The move follows a ruling earlier this year by Ofcom, the UK’s broadcasting regulator, which found that BBC Radio 4’s flagship current-affairs programme Today had breached broadcasting rules by “not sufficiently challenging” Lord Lawson, the former Conservative chancellor.
Here are the essentials of the ruling:
What’s the BBC’s position?
- Man-made climate change exists: If the science proves it we should report it. The BBC accepts that the best science on the issue is the IPCC’s position, set out above.
- Be aware of ‘false balance’: As climate change is accepted as happening, you do not need a ‘denier’ to balance the debate. Although there are those who disagree with the IPCC’s position, very few of them now go so far as to deny that climate change is happening. To achieve impartiality, you do not need to include outright deniers of climate change in BBC coverage, in the same way you would not have someone denying that Manchester United won 2-0 last Saturday. The referee has spoken. However, the BBC does not exclude any shade of opinion from its output, and with appropriate challenge from a knowledgeable interviewer, there may be occasions to hear from a denier.
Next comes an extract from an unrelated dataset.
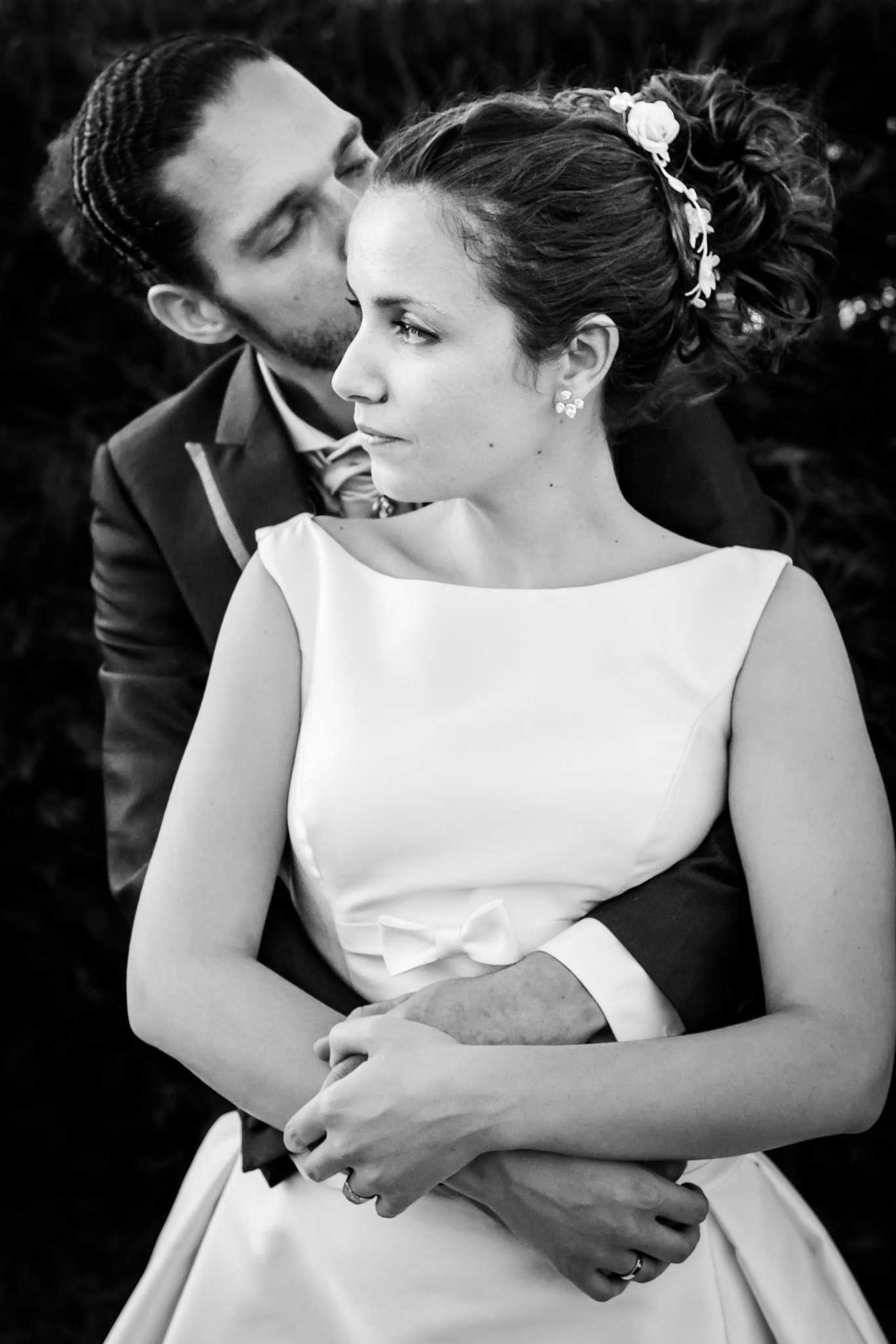 Canon EF 28mm F1.8 USM sample photo. Kissing my wife photography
- There are occasions where contrarians and sceptics should be included within climate change and sustainability debates. These may include, for instance, debating the speed and intensity of what will happen in the future, or what policies government should adopt. Again, journalists need to be aware of the guest’s viewpoint and how to challenge it effectively. As with all topics, we must make clear to the audience which organisation the speaker represents, potentially how that group is funded and whether they are speaking with authority from a scientific perspective – in short, making their affiliations and previously expressed opinions clear.